▸ **Prompt**
Starting at the line with "Detailed view of" and going on through the line with "Aria participe au", reproduce each line in the records below exactly and nothing more.

▸ **Records provided**
--- START ---
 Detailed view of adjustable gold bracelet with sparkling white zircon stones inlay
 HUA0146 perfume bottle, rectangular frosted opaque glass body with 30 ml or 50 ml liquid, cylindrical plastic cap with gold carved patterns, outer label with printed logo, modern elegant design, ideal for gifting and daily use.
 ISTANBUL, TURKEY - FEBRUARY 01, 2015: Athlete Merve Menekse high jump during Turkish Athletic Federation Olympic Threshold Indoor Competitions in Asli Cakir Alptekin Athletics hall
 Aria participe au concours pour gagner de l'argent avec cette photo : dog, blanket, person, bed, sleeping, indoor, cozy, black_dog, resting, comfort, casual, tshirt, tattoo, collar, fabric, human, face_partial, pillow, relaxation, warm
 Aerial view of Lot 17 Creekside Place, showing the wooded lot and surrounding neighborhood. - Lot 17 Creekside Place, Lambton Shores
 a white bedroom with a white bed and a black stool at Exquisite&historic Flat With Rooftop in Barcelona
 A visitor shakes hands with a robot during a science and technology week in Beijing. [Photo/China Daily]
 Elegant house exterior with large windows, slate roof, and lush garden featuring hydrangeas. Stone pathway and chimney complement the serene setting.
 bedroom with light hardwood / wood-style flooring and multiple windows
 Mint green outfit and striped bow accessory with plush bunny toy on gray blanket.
--- END ---
--- START ---
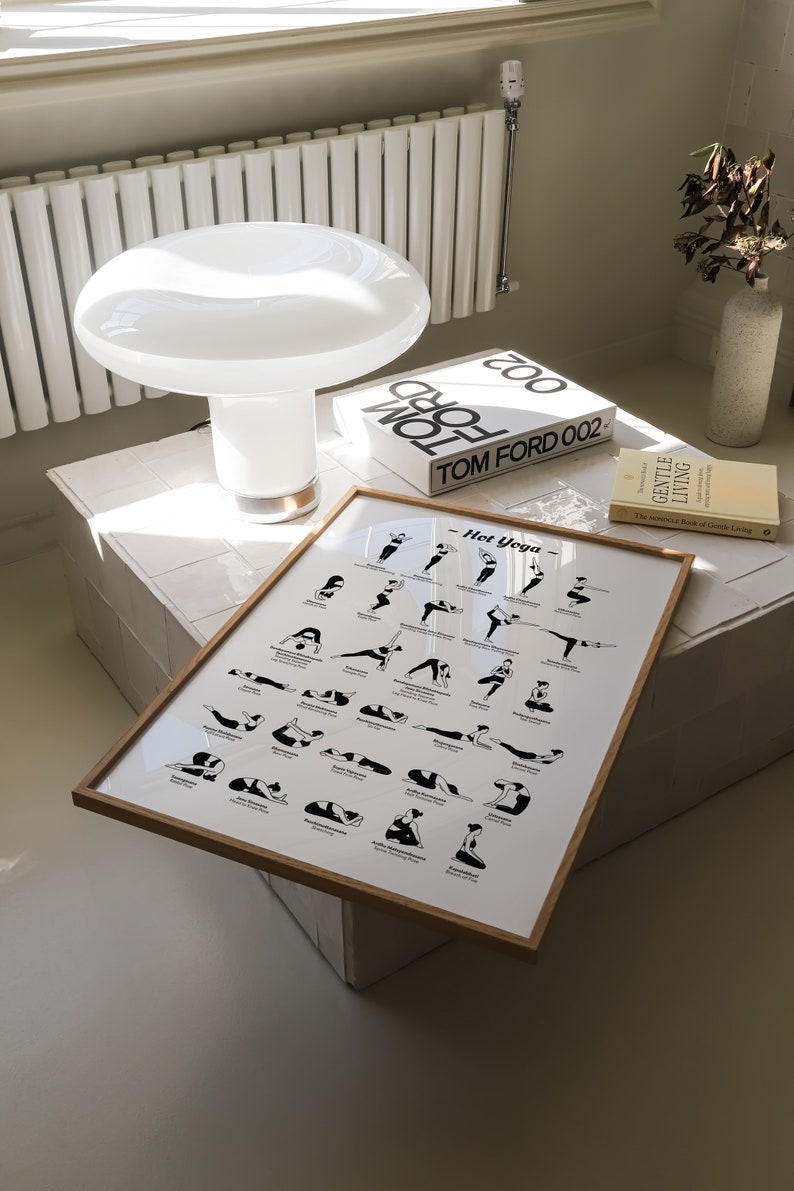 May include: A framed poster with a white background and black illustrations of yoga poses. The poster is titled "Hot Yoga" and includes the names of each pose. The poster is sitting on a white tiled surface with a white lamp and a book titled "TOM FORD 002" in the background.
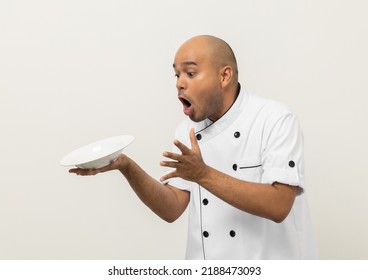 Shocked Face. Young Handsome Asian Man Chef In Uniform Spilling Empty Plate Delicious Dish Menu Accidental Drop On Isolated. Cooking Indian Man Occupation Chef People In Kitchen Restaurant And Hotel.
--- END ---
▸ **Task solution**
 Detailed view of adjustable gold bracelet with sparkling white zircon stones inlay
 HUA0146 perfume bottle, rectangular frosted opaque glass body with 30 ml or 50 ml liquid, cylindrical plastic cap with gold carved patterns, outer label with printed logo, modern elegant design, ideal for gifting and daily use.
 ISTANBUL, TURKEY - FEBRUARY 01, 2015: Athlete Merve Menekse high jump during Turkish Athletic Federation Olympic Threshold Indoor Competitions in Asli Cakir Alptekin Athletics hall
 Aria participe au concours pour gagner de l'argent avec cette photo : dog, blanket, person, bed, sleeping, indoor, cozy, black_dog, resting, comfort, casual, tshirt, tattoo, collar, fabric, human, face_partial, pillow, relaxation, warm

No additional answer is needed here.